Kirkus Reviews QR Code
In Love With Freedom by Steven Aavang

In Love With Freedom

The True Story of a Remarkable Woman

by Steven Aavang

Pub Date: April 5th, 2011
ISBN: 978-1-4567-1549-6
Publisher: AuthorHouse

A dramatization of the life of Romanian princess Catherine Olympia Caradja.

Princess Catherine is born into her royal status in 1893. Her parents’ marriage was the result of a practical arrangement between two aristocratic families. Her father, Prince Radu Kretulesco, turns out to be a shiftless gold digger, and so her mother, Princess Irene Cantacuzene, decides to divorce the scoundrel. In a fit of stunning revenge, Radu kidnaps Catherine in Paris and stealthily deposits her at an orphanage in London under a false name, and he uses her as leverage to extract a ransom from Irene’s family.
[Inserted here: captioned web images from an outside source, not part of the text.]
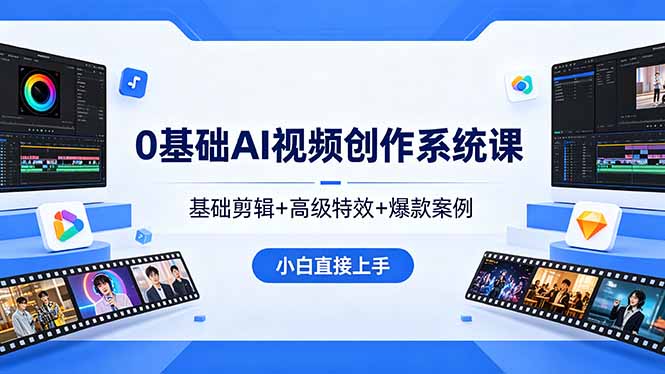 0基础AI视频创作系统课，基础剪辑+高级特效+爆款案例，小白直接上手 - 项目资源网
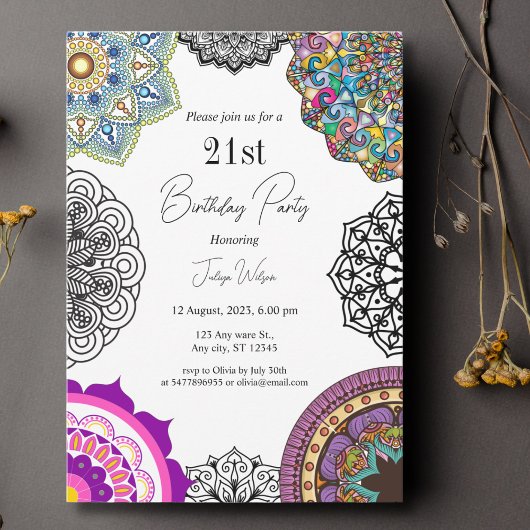 Invitation Anniversaire du mandala coloré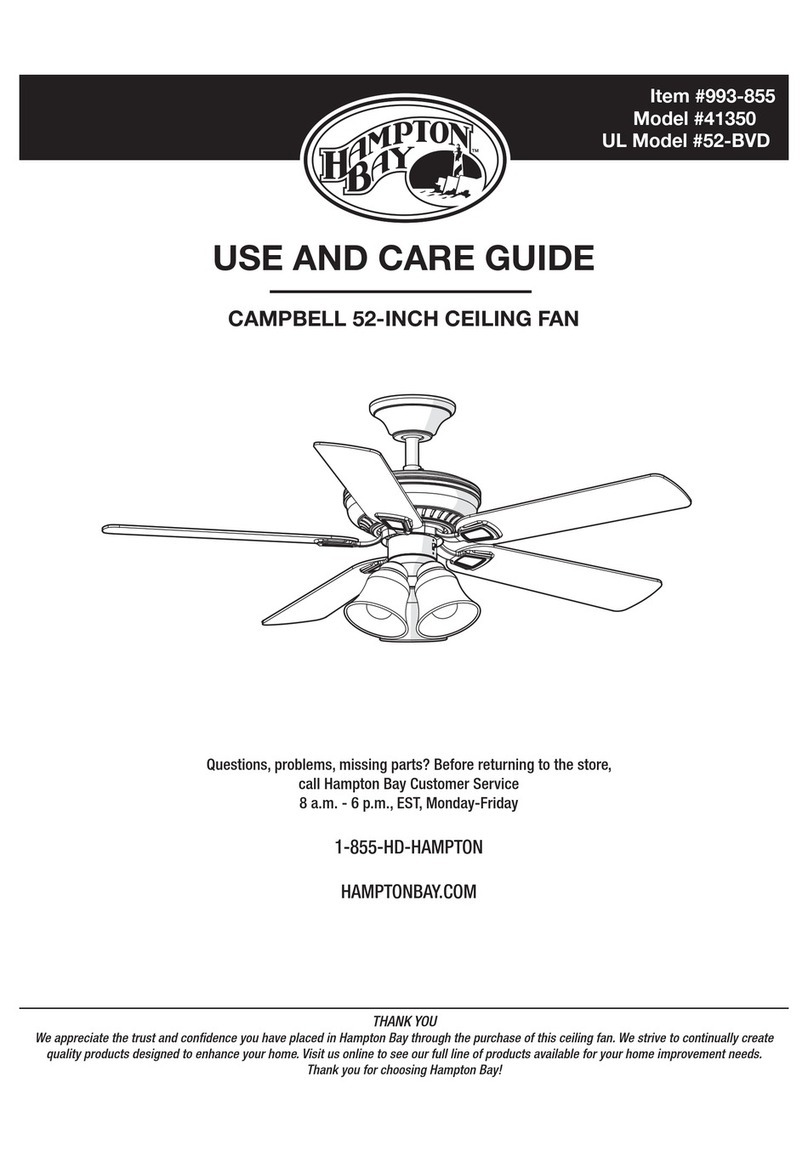 HAMPTON BAY 41350 Use and care guide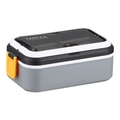 Boîte à déjeuner en inox 304 gris avec couvercle bicolore et loquets orange - 700ml / Monocouche / Gris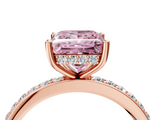 Rose gold Fancy Pink Princess  Cut Diamond Pavé Band Ring with Four-Prong Setting_4
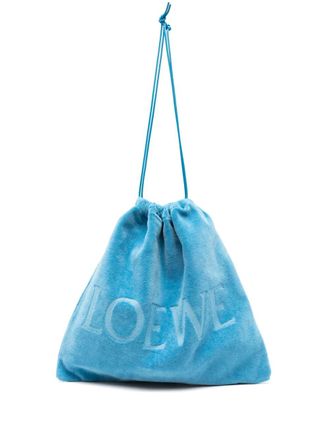 Loewe logo-debossed clutch - women - Velvet - One Size - Blue
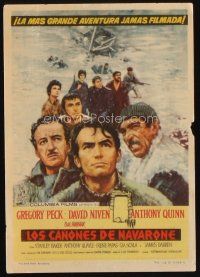 8g784 GUNS OF NAVARONE Spanish herald '61 Gregory Peck, David Niven & Anthony Quinn by Terpning!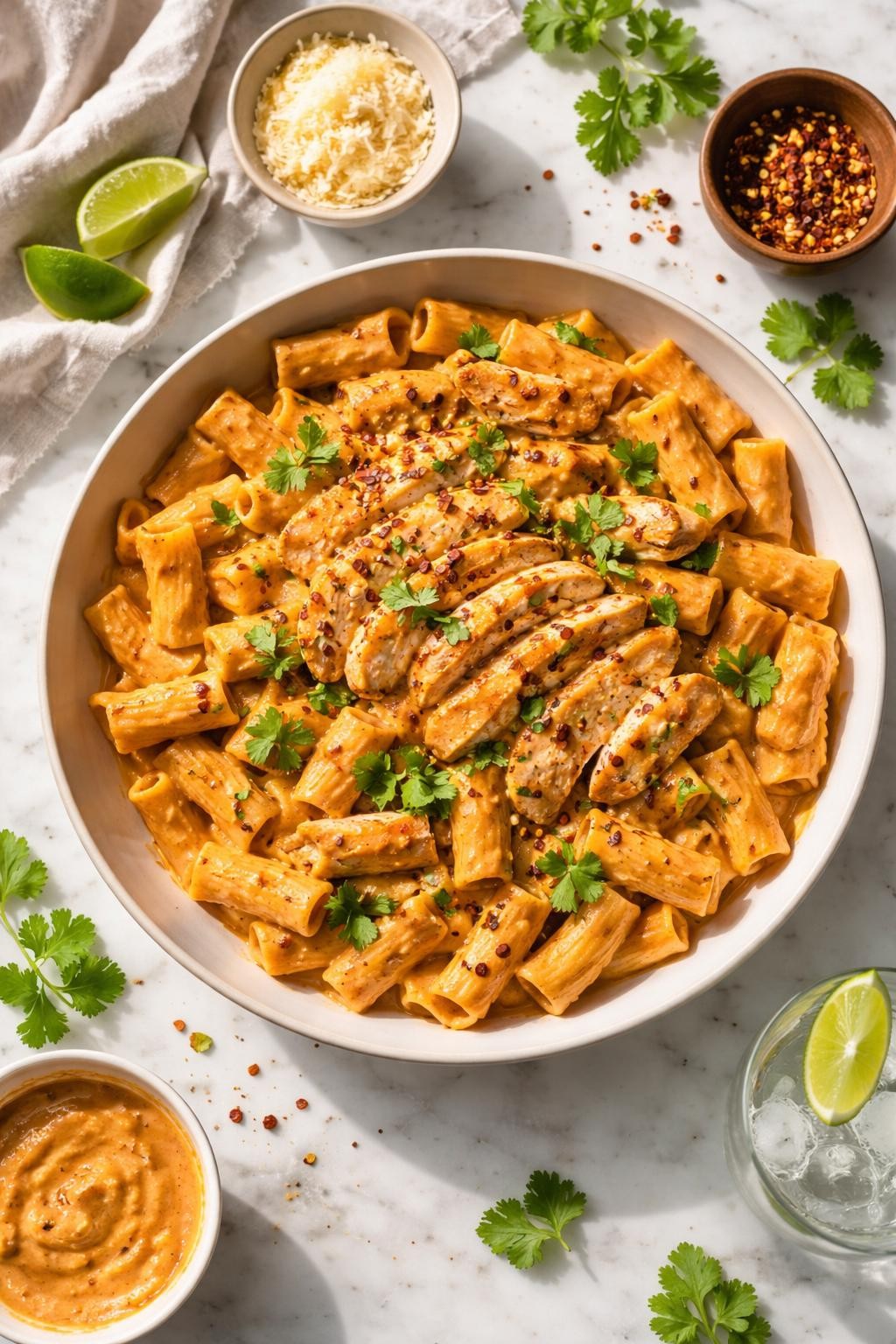 Image Prompt: Realistic top-down editorial food photography of chipotle chicken pasta on a white marble countertop, pasta coated in a smoky creamy chipotle sauce with sliced chicken and chopped cilantro, warm rich tones, bright natural daylight, soft shadows, clean editorial food styling, high detail, realistic food texture, no people, no hands, no text, no watermarks, no props with writing.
Catherine languishes in orphanages for 13 years before her paternal grandmother orchestrates a rescue and she’s finally sent back to her family in Bucharest. A Romanian orphanage is dedicated to her and named Catherine’s Crib, and the princess eventually manages its affairs. She marries a handsome young Romanian prince, gives birth to three daughters, and later suffers several miscarriages. Soon, the political turmoil of the Russian Revolution and World War I engulfs her world. During World War I, she sets up a hospital to combat the deadly spread of typhus (and contracts the disease herself), and she further endangers herself, during World War II, to help Allied prisoners of war by participating in the “largest prison breakout in military annals.” The oppressive Nazi occupation of Romania is eventually replaced by an equally tyrannical Soviet one, and the Communists destroy her family, usurp her wealth, and make her a fugitive in her own homeland. She has no choice but to attempt escape. Debut author Aavang—a friend of the real Princess Catherine—does a remarkable job researching her life and vividly provides fictional imaginings where historical records are empty. Although he unabashedly shows his affection for his protagonist, he avoids hagiographic excess. He also shows how Catherine keeps her sense of humor; for example, after she notices the year on a magazine she’s casually perusing, she comments: “This is the year I escaped from Paris and returned to Romania. How many people do you know have to escape first into and then out of their homeland?” Overall, Aavang’s prose is confident and elegant, and the fact that his subject’s story is cinematically enthralling gives him a notable advantage.

An intelligent novelization of a notable life.